Written by Vidisha Mathur

In the ongoing case of Devkindan Thakur Ji v Union of India and Others, the petitioner has challenged the religion-based classification of minorities, calling for a district-wise recognition of minorities to get a truer picture.

Advocate Ashutosh Dubey, in his plea, has questioned the constitutionality of the provisos of the National Commission for Minorities Act of 1993 and its consequent notification in 1993 by the Government of India which declared Muslims, Christians, Sikhs, Buddhists, Parsis, and Jains as nationally recognized religious minorities.

The plea contends that such a system prevents the ‘real minorities’ to benefit from minority-focused rights and provisions and claims that a closer observation would reveal that even Hindus are a minority in some states.

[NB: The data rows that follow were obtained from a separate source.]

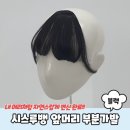 쇼핑뱅 이미지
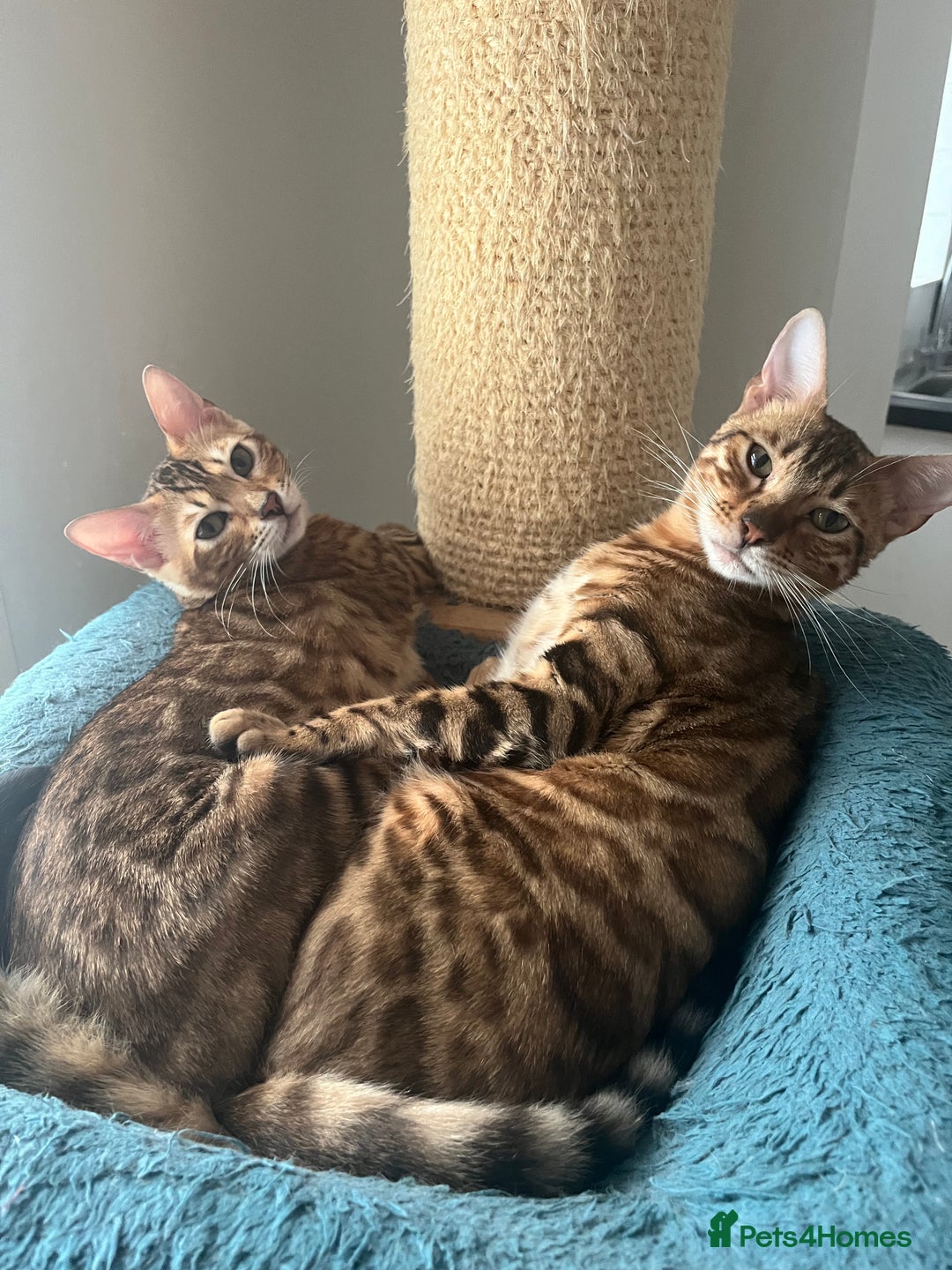 Bengal cats for sale: TICA reg STUNNING BENGAL KiTTENs - Image 6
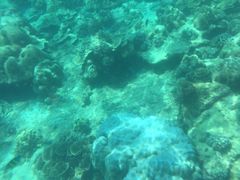 -班拉雅潜水度假村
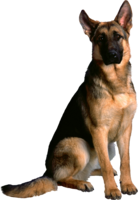 animals & german shepherd free transparent png image.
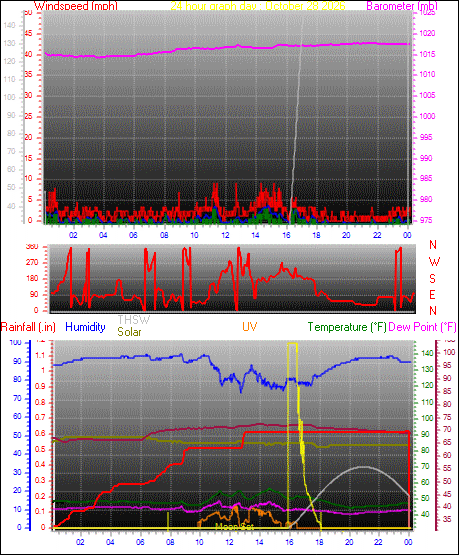 24 Hour Graph for Day 28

This adversely affects the fundamental rights of such ignored minorities, permits discrimination, and hinders the government’s efforts to ensure equality. The petitioners argue that the classification of minorities based merely on religion is not valid, as there is no intelligible differentia.

The Central Government, in a response to Advocate Ashwini Kumar Upadhyay, told the Apex Court that if State governments observe a religious community as a minority in the state, they can declare them so. The State legislations, within their jurisdiction under the concurrent list, can enact laws to benefit the minorities they recognize. Supreme Court says the system should state-based.

Regarding the National Commission for Minorities Act 1993, it is within the legislative competency of the Parliament and hence, executive competence lies with the Central government, as per submitted affidavits. But this cannot guarantee that the schemes will be successful in helping all minorities. The Act herein cannot be declared arbitrary as it does nothing to provide unconstrained power to the central branch of the government.

The right to be recognized is inherent to a community and does not need a statute to provide for it. But for such litigation to continue, the court needs to observe a material example of such a denial of minority rights.

The presiding bench of Justice U.U. Lalit and Justice S. Ravichandra Bhat deliberated whether the top court can interfere in the matter, considering that precedents already establish state-level minority recognition; and Bhat holds that the minorities cannot be determined generally and that such a district-wise recognition of minorities is unjustifiable in law. The bench has asked the petitioner to concrete examples of states wherein minorities were not being recognized.